私たちはこれまでに様々なものを利用して、私という立場を固めてきました。しかし、そこにはいつも「不安」というものが隠れついているのではないでしょうか。
ある先生は「不安こそ如来なんですわ、如来が不安という形ではたらきかけておるんだ」と言われました。それは、私のものではないものを私のものにし、本当でないものを本当だとしている私たちにあり方が、不安という形で問われているのでしょう。誰でも命を終わるときにはすべて置いていかねばなりません。家族も財産も地位も名誉も、そしてこの身も、実は全部が借り物なんです。そのことが深く頷けた時、初めて仏法を聞かせていただいたと言えるのではないでしょうか。
加藤淳
渡辺哲雄さんが『老いの風景』という本で次のような話を紹介しています。
ツルとカメという名前のめでたさに加え、双子の姉妹が揃って百歳の長寿を達成した珍しさで、誕生日には多くの報道陣が二人が住む養護老人ホームに詰めかけた。

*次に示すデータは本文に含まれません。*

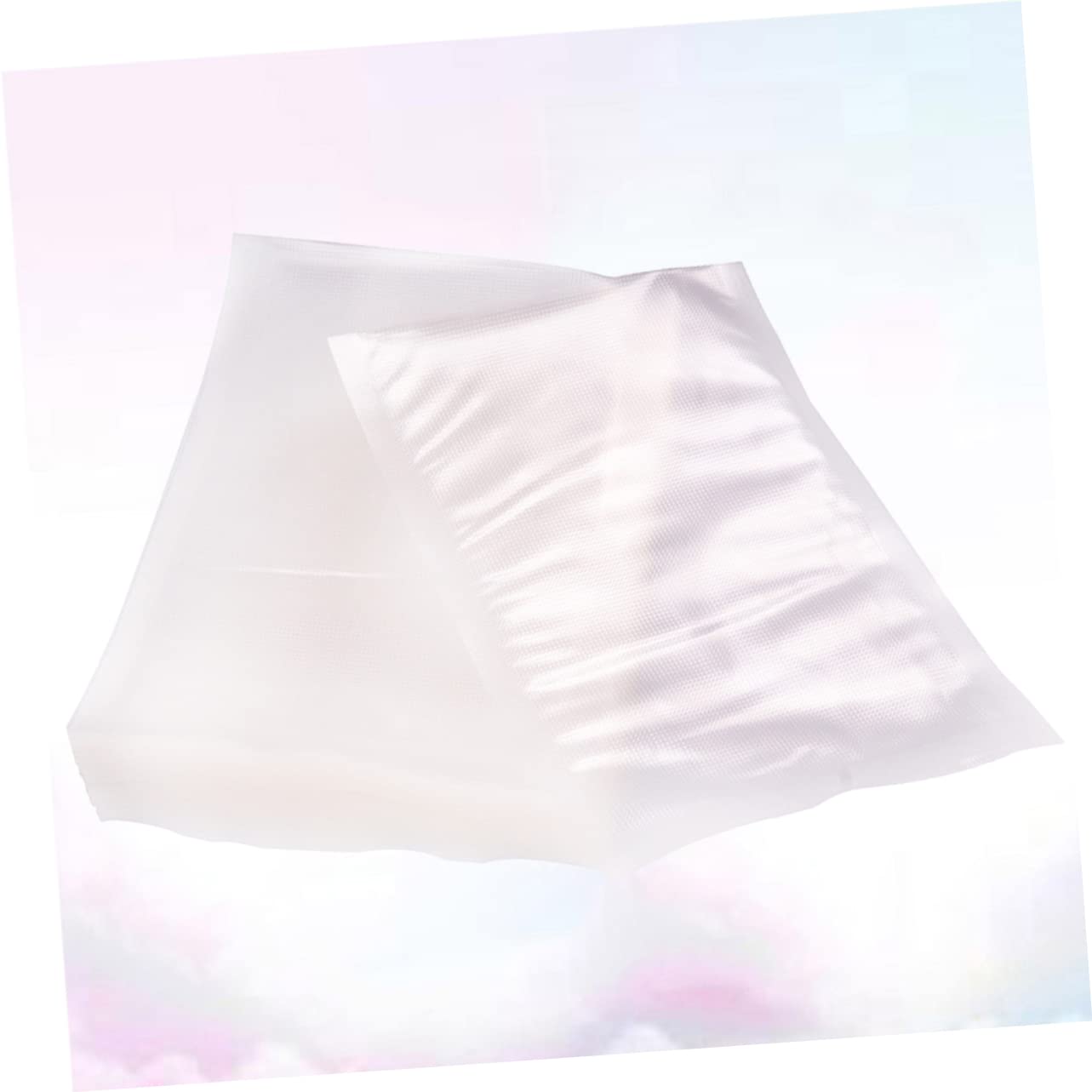 HOLIDYOYO Vacuum Sealer Bags 100pcs Dry Storage Food Packaging Plastic for Jerky Cheese Snack Business Travel 10x15cm Airtight Seal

「如何ですか?こうしてお元気で百歳の誕生日を迎えられた感想は」という質問に「いかがも何も長生きしすぎたせいで、夫や子どもには先立たれるし、孫はたまにしか面会に来てくれせんし、正直言うていいことは一つもありませんナモ」とツルは答えたが、カメの方は「わたしゃあ、夫や子どもの最後の世話もこの手でできたし、孫は思い出したように面会に来てくれるし、幸せすぎて涙が出ます」と深々と頭を下げた。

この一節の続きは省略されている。